Files
ik_llama.cpp/github-data/pull_requests/617 - Fixup kimi-k2 convert indentation.md
2025-07-23 13:31:53 +02:00

1.9 KiB

🐛 #617 - Fixup kimi-k2 convert indentation

Author ubergarm
State Closed
Created 2025-07-16
Updated 2025-07-16

Description

Fixup a copy-paste python indent bug on the convert_hf_to_gguf.py script for kimi-k2-instruct. Thanks @anikifoss for testing and if you have success let me know here to confirm this patch is good.
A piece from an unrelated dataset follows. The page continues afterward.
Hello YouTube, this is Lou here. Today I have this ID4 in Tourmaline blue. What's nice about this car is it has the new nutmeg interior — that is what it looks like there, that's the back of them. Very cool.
https://github.com/ikawrakow/ik_llama.cpp/pull/612#issuecomment-3076684820


💬 Conversation

👤 ikawrakow submitted a review the 2025-07-16 at 13:24:15: APPROVED


👤 ubergarm commented the 2025-07-16 at 13:30:08:

Still running, 8 hours later at 50%. There is attn_kv_b in the output GGUF.

Why do you need attn_kv_b anyway?

@anikifoss

Thanks for running this long job and testing!
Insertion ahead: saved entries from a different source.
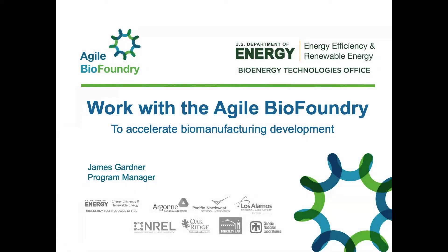The U.S. Department of Energy's Agile BioFoundry is a consortium of national laboratory capabilities accelerating biomanufacturing development for its partner organizations and the entire U.S. bioeconomy. Hello, my name is James Gardner, a program manager for the ABF. You're about to learn why and how to work with the Agile BioFoundry to advance your organization's biomanufacturing R&D.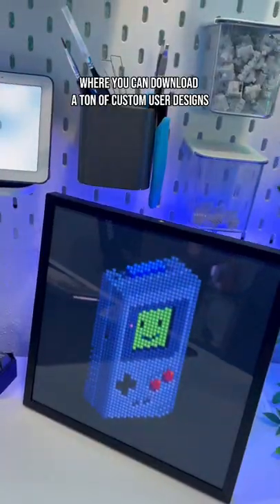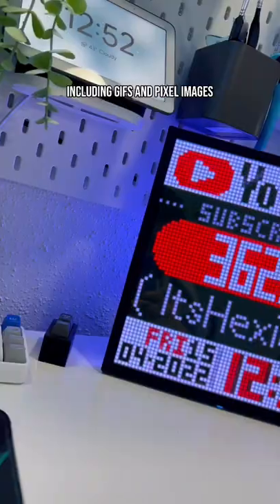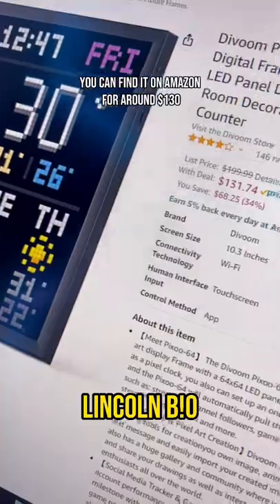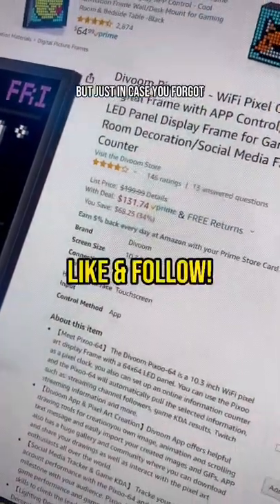It has an app where you can download a ton of custom user designs, including GIFs and pixel images. You can also do cool things like have live stats for your social media or games. You can find it on Amazon for around $130, but just in case you forgot...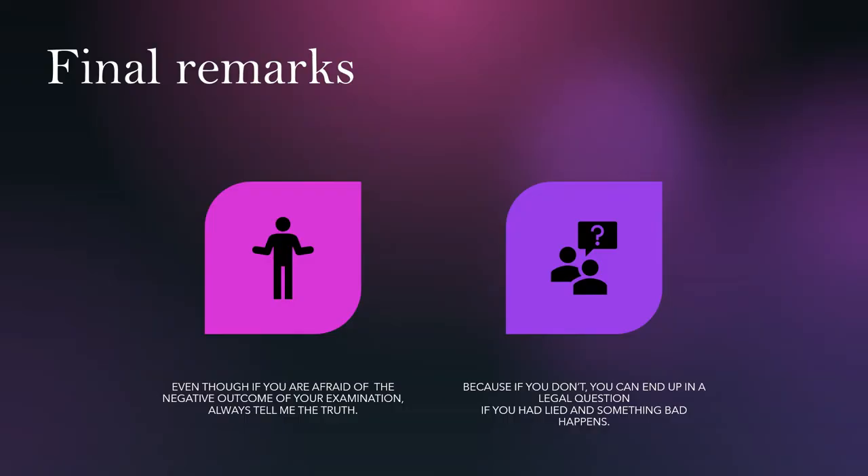Even if you are afraid of the negative outcome of your examination, always tell me the truth. Because if you don't, you can end up with legal issues if you lied and something bad happens. Thank you for listening. Dariusz Krasnicki from Wroclaw in Poland was speaking.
Check here for some more info: https://github.com/ikawrakow/ik_llama.cpp/issues/601#issuecomment-3070185792

Based on that discussion I've changed my recipes a bit for Kimi and future deepseek models.
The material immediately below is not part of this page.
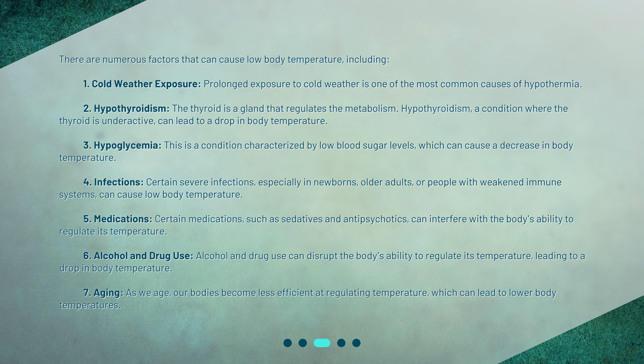4. Infections — certain severe infections, especially in newborns, older adults, or people with weakened immune systems, can cause low body temperature. 5. Medications — certain medications, such as sedatives and antipsychotics, can interfere with the body's ability to regulate its temperature. 6. Alcohol and drug use — alcohol and drug use can disrupt the body's ability to regulate its temperature, leading to a drop in body temperature. 7. Aging — as we age, our bodies become less efficient at regulating temperature, which can lead to lower body temperatures.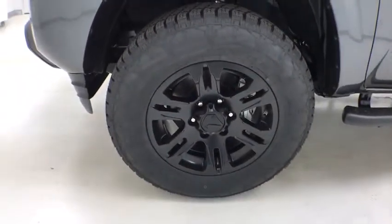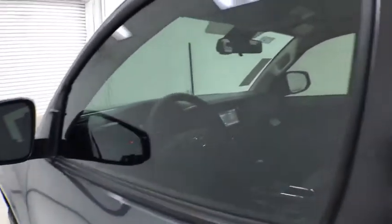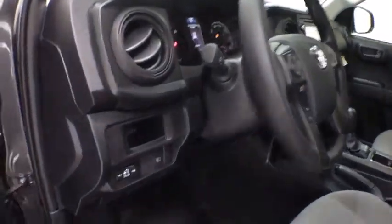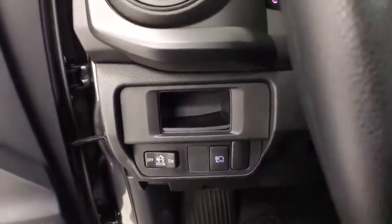Here are some of this vehicle's great options: traction control, dual airbags, power steering, power windows, electronic stability control, CD player, remote keyless entry, overhead console, tachometer, and brake assist.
👤 ikawrakow commented the 2025-07-16 at 14:43:46:

I hope this is somewhat accurate

It is. Basically, you don't need to have the attn_kv_b tensors to create imatrix data and a good quantized model for ik_llama.cpp. The only potential benefit from having attn_kv_b in the GGUF is that then these tensors becomes part of the contiguously allocated (or mmap'ed) tensor data storage, while if they are not present in the GGUF, memory is allocated separately for them (but still on the same device that stores the corresponding attn_k and attn_v tensors). Considering how sensitive the big NUMA systems are to the way the tensors are stored in RAM, this may have some performance implications. But nobody has studied this effect in detail yet, so we don't really know.